The winners are Romain Gubert, of Le Point, France, for his report "The shocking evidence of the Chechen refugees" and Kamau Ngotho, The Sunday Nation, Kenya for "The Pinto Murder." Commended are Teun Voeten, of Vrij Nederland, The Netherlands for "The bitter peace of Sierra Leone" and Ana Lucia Raffo Florez of El Espectador, Colombia for "Displaced persons, a national tragedy." "These articles are powerful examples of the importance of press freedom to democracy", said Mr Nielson.
"This Prize is a clear recognition that Europe understands that democracy and human rights are prerequisites for social and economic development," said Mr Nielson "and a clear recognition of the key role that the press plays in the field."

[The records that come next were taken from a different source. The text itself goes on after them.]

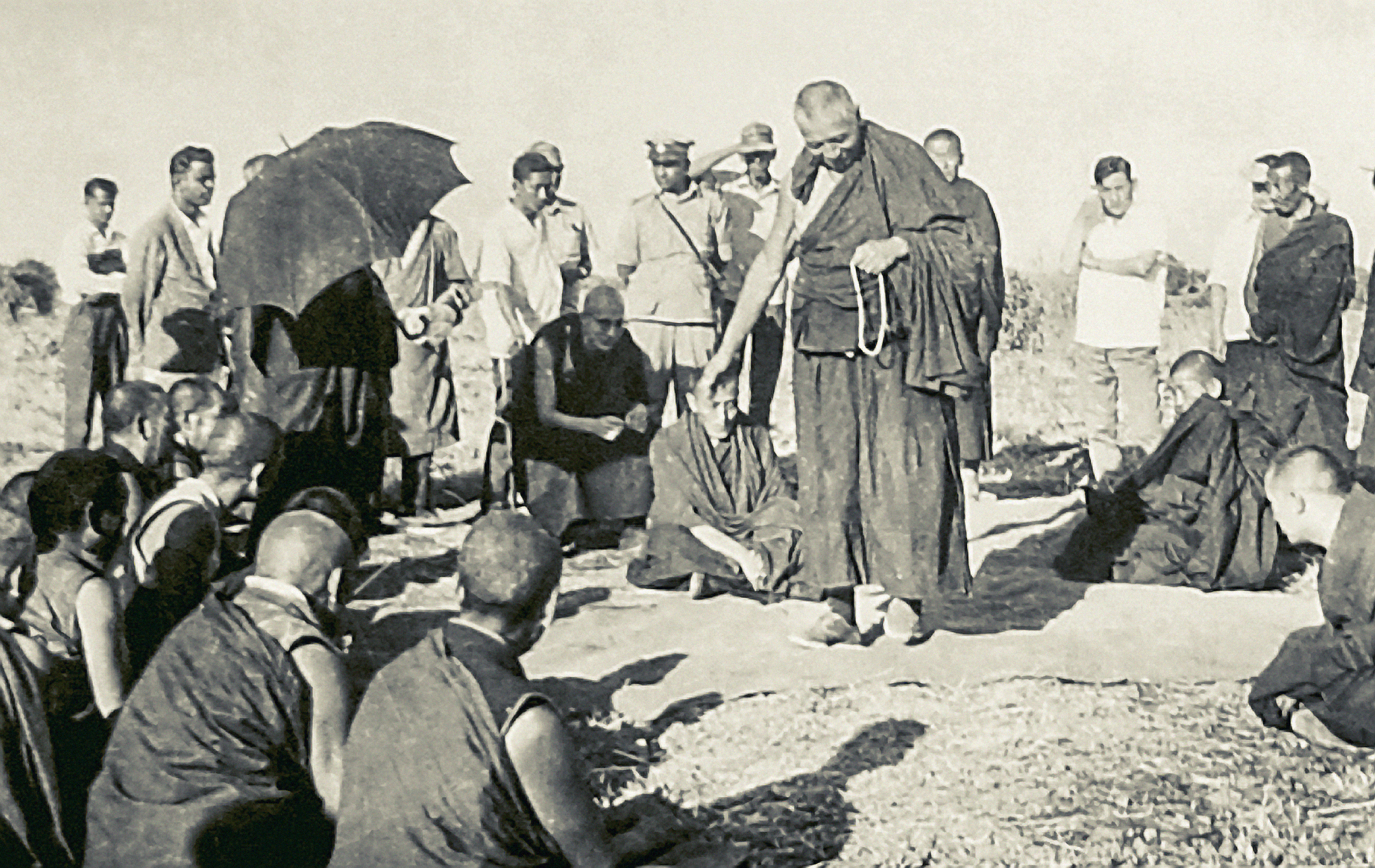 His Holiness examining a monk’s debate in the early years of exile from Tibet. Lama Zopa Rinpoche remembers one of the monks, Geshe Tenpa Tenzin, as a school teacher at the Young Lamas School in Delhi and Dalhousie who wrote a very good commentary to Lama Tsongkhapa’s In Praise of Dependent Arising. (Photo The Tibet Museum Photographic Archive)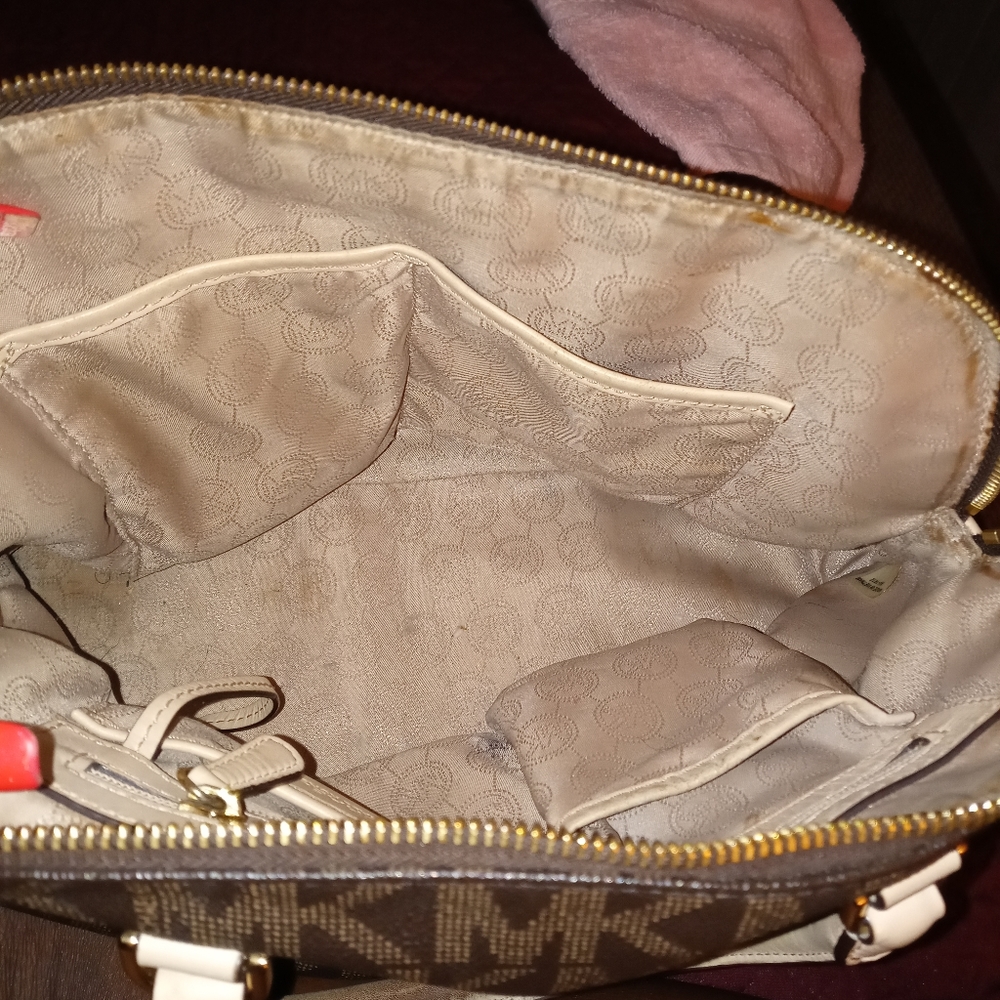 Handbag - Picture 3 of 4
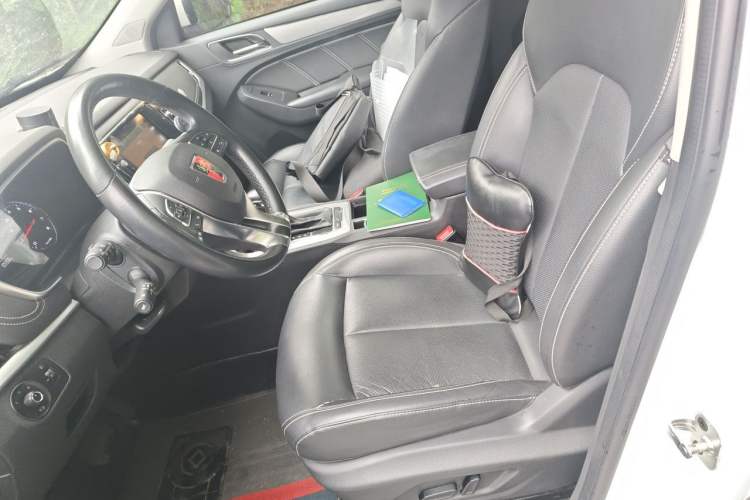 Used Roewe RX5 2019 20T Two-Wheel Drive Automatic 4G Connected Platinum Edition Left Front Seat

The Prize was organised by the International Federation of Journalists and Mr Nielson also paid tribute to journalists working in dangerous areas. "Recent tragedies in journalism showed", he said, "that the profession is fraught with dangers." The IFJ announced on Tuesday December 18 that 100 journalists and media workers had been killed during 2001, the highest for six years. "Events like the war in Afghanistan and ongoing conflicts elsewhere in the world bring the need for informed journalism sharply into focus," he said.
Speaking of the winners, Mr Nielson said Romain Gubert's winning entry was an example of subtle reporting with human rights considerations at the centre of its journalism, while Kamau Ngotho's article was waging war against wrongful imprisonment and had led to release of a man jailed for 35 years for a murder he did not commit. Congratulations to the Lorenzo Natali winners were also received from Mary Robinson, the United Nations Human Rights Commissioner.
Aidan White, General Secretary of the IFJ, added his congratulations to the winners and said that the organisation of the Prize - by journalists themselves - underlined the high quality and professionalism of the winning entries. "No matter what some might say, there is much to be proud of in journalism and these colleagues have set standards that others will follow," he said.
The prize-giving ceremony was followed by a debate on the challenge of reporting human rights and development in an age marked by violent conflict and uncertainty addressed by Belgian journalist Colette Braeckman of Le Soir, Jean Robert Goulongana, Secretary General of the African, Carribean and Pacific Group of States, Patricia Kelly, writer and broadcaster, former Bureau Chief of CNN Brussels, John Owen, broadcaster and former Director Freedom Forum, European Office, and, Teun Voeten, writer and photojournalist, New York.
The Natali Prize for Journalism, Excellence in Reporting Human Rights, Democracy and Development, which was the centre piece of the day's events, was established by the countries of the European Union in honour of the late Lorenzo Natali, Vice President of the European Commission with special responsibilities for development issues. The prestigious Prize is awarded each year to print journalists who have demonstrated a striking insight and particular dedication to the reporting of human rights issues within the context of the development process.